Mutual inductance between spiral planar coils can be calculated using Equation (7) [29]:

$$M_{x+i,y+j}=\left|\frac{{\mu }_0\cdot g^2}{4\pi }{\displaystyle \underset{{\Phi }_{\mathrm{i}}}{\overset{{\Phi }_{\mathrm{o}}}{\int }}{\displaystyle \underset{{\Phi }_{\mathrm{i}}}{\overset{{\Phi }_{\mathrm{o}}}{\int }}\frac{\left[\left(1+{\phi }_1\cdot {\phi }_2\right)\cdot \cos \left({\phi }_2-{\phi }_1\right)-\left({\phi }_2-{\phi }_1\right)\cdot \sin \left({\phi }_2-{\phi }_1\right)\right]\mathrm{d}{\phi }_1\mathrm{d}{\phi }_2}{\sqrt{{\left(d\cdot j+g\cdot {\phi }_2\cdot \cos {\phi }_2-g\cdot {\phi }_1\cdot \cos {\phi }_1\right)}^2+{\left(d\cdot i+g\cdot {\phi }_2\cdot \sin {\phi }_2-g\cdot {\phi }_1\cdot \sin {\phi }_1\right)}^2}}}}\right|,$$

(7)

where: g—screw pitch divided by 2π, g = (w + s)/(2π) in [m], Φ_i—inner radii of coil divided by g, Φ_i = [r − (w + s)n]/g in [rad], Φ_o—outer radii of coil divided by g, Φ_o = r/g in [rad], φ₁ and φ₂—angles of rotation along the edge of the transmitting/receiving coils in [rad]. However, there is no closed-form solution of the Equation (7) and many calculations for the different i and j would have to be performed to estimate L_c. Identical problem appears when mutual inductances between transmitters and receivers (M_{tr, x+i, y+j}) are considered.
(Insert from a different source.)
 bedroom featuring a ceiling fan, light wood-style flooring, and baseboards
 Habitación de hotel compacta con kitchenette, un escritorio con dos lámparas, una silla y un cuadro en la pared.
Instead solving Equation (7), Equation (3) can be expressed as:

$$L_c=L_{self}-M_{pe}$$

(8)

where M_pe is a sum of mutual inductances in a periodic grid in [H] and since they reduce the inductance of coil, the mutual inductance M_pe is written with a minus. For the case when loads Z = ∞ and there is no capacitor in series with transmitter coils (based on, e.g., the solution of 3D numerical model) at arbitrary frequency f one may find M_pe as:

$$M_{pe}=\frac{U/{\underset{\_}{I}}_{t,\infty }-R_c}{\mathrm{j}2\pi f}-L_{self}$$

(9)

where: R_c—coil resistance in [Ω], I_{t, ∞} = |I_{t, ∞}|e ^jψ—source current in [A], |I_{t, ∞}|—RMS value of the source current in [A], ψ—phase angle between the source voltage and current in [rad]. According to an equivalent circuit shown in Figure 4b, instead of calculating inductances M_{tr, x+i, y+j}, an effective mutual inductance (M_tr) can be found using the formula:

$$M_{tr}=\frac{{\underset{\_}{U}}_{r,\infty }/{\underset{\_}{I}}_{t,\infty }}{\mathrm{j}2\pi f}$$

(10)

where: U_{r, ∞} = |U_{r, ∞}|e ^jθ—voltage induced in a receiving coil in [V], |U_{r, ∞}|—RMS value of the induced voltage in [V], θ—phase angle between the source voltage and induced voltage in [rad]. Equations (9) and (10) can be used for both numerical and experimental estimation of M_pe and M_tr. Finally, after calculations of self-inductance (L_self) and mutual inductance (M_pe) it is possible to find series resonant capacity (C) as:

$$C=\frac{1}{4{\pi }^2{f}^2{L}_c}=\frac{1}{4{\pi }^2{f}^2\left(L_{self}-M_{pe}\right)}$$

(11)

Resistance of coil (R_c) can be determined using well-known formula of the straight wire resistance. For a wire with width w + s, used for wounding planar spiral coil, a total length of a resulting spiral may be expressed as:

$$l_{sum}=2\pi n\left[r-\frac{\left(n-1\right)\left(w+s\right)}{2}\right]$$

(12)

Taking into account Equation (12) the formula for the resistance of coil is:

$$R_c=\frac{l_{sum}}{{\sigma }_c{a}_w}=\frac{2\pi n\left[r-\frac{\left(n-1\right)\left(w+s\right)}{2}\right]}{{\sigma }_c{a}_w}$$

(13)

where: σ_c—electrical conductivity of a wire in [S/m], a_w—effective cross-section of wire in [m²]. Due to the flow of a current through the “skin” of a conductor at high frequencies of magnetic field, an effective cross-section of wire (a_w) is taken into account in Equation (13). The formula for approximate calculations of a_w is [30]:

$$a_w=\pi \left(w{\delta }_e-{\delta }_e^2\right)$$

(14)

where δ_e is an effective skin depth in [m] expressed as [30]:

$${\delta }_e=\delta \left(1-\exp \left(\frac{-w}{2\delta }\right)\right)$$

(15)

and δ is a skin depth, $\delta =\sqrt{1/\left(\pi f{\sigma }_c{\mu }_0\right)}$ in [m].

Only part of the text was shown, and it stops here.